◆ Exercise instructions: Show each line from the listing that includes the word "video".

◆ Entries provided:
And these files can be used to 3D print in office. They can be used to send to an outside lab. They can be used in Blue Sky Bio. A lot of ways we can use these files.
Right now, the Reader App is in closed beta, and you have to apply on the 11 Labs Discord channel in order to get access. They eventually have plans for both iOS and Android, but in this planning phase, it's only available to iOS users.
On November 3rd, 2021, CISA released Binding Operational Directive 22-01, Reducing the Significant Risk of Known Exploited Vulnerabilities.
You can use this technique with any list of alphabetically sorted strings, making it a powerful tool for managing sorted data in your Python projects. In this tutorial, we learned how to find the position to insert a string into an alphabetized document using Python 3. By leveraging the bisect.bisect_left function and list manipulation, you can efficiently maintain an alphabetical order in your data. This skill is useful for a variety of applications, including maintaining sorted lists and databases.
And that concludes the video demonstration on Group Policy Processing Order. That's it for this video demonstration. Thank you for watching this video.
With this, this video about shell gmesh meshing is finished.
* * *
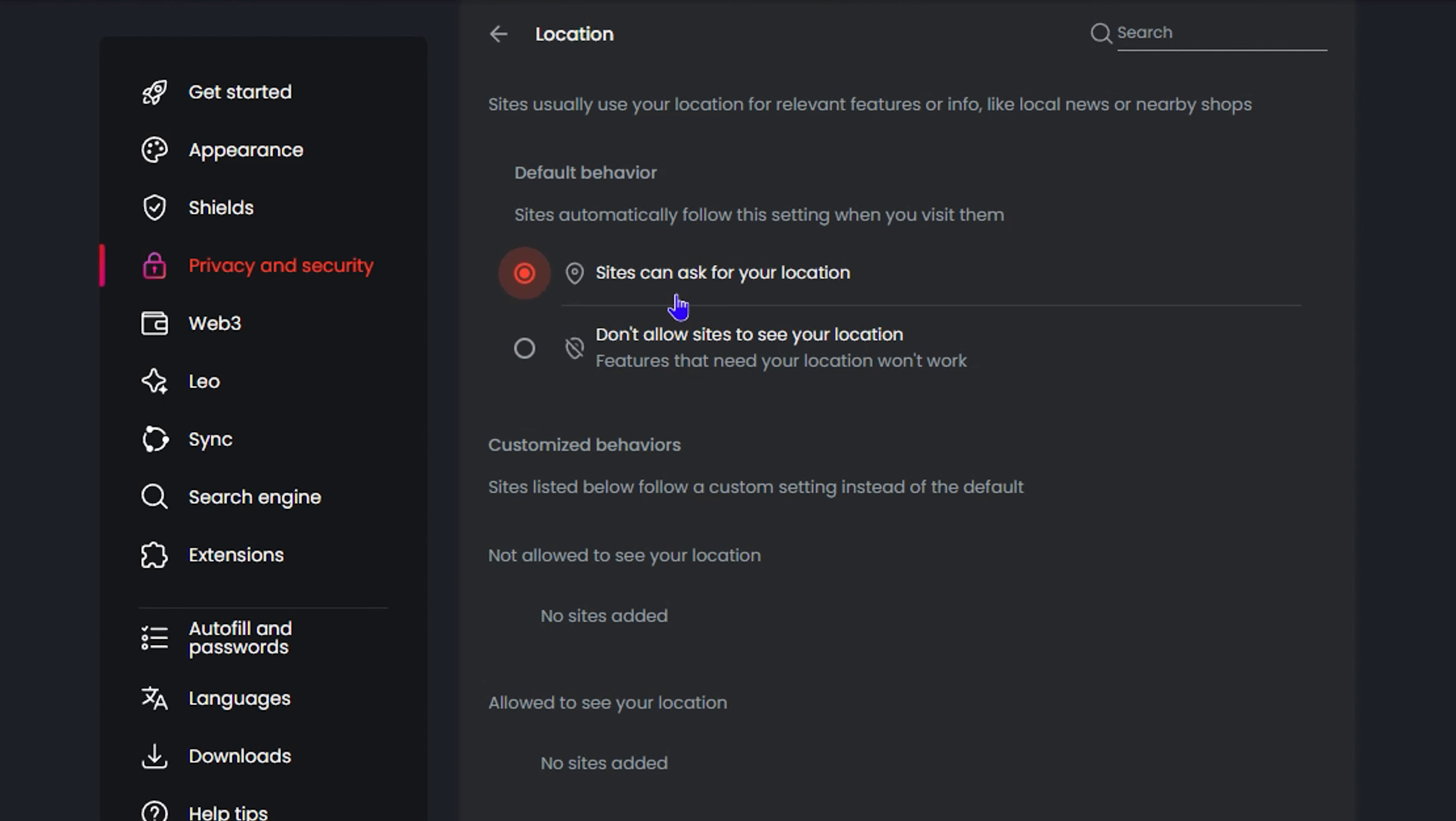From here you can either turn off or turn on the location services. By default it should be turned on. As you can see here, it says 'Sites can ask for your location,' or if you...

◆ Expected output:
And that concludes the video demonstration on Group Policy Processing Order. That's it for this video demonstration. Thank you for watching this video.
With this, this video about shell gmesh meshing is finished.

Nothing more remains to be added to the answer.